PROBLEM STATEMENT:
Although the data below contains pictures, output only the lines between those holding "Image of Queen" and "Badge A Guitar's", inclusive, exactly and without those pictures.

ENTRIES PROVIDED:
--

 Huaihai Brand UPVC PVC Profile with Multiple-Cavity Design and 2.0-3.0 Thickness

--

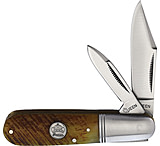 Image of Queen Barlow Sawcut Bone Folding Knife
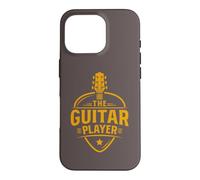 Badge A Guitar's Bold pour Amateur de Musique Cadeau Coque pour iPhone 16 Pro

--

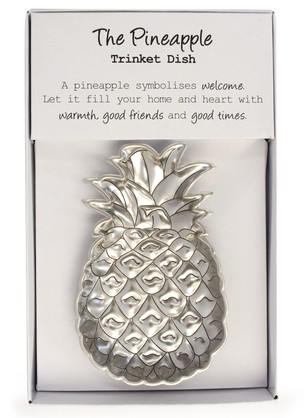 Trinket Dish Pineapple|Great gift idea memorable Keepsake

--

YOUR RESPONSE:
 Image of Queen Barlow Sawcut Bone Folding Knife
 Badge A Guitar's Bold pour Amateur de Musique Cadeau Coque pour iPhone 16 Pro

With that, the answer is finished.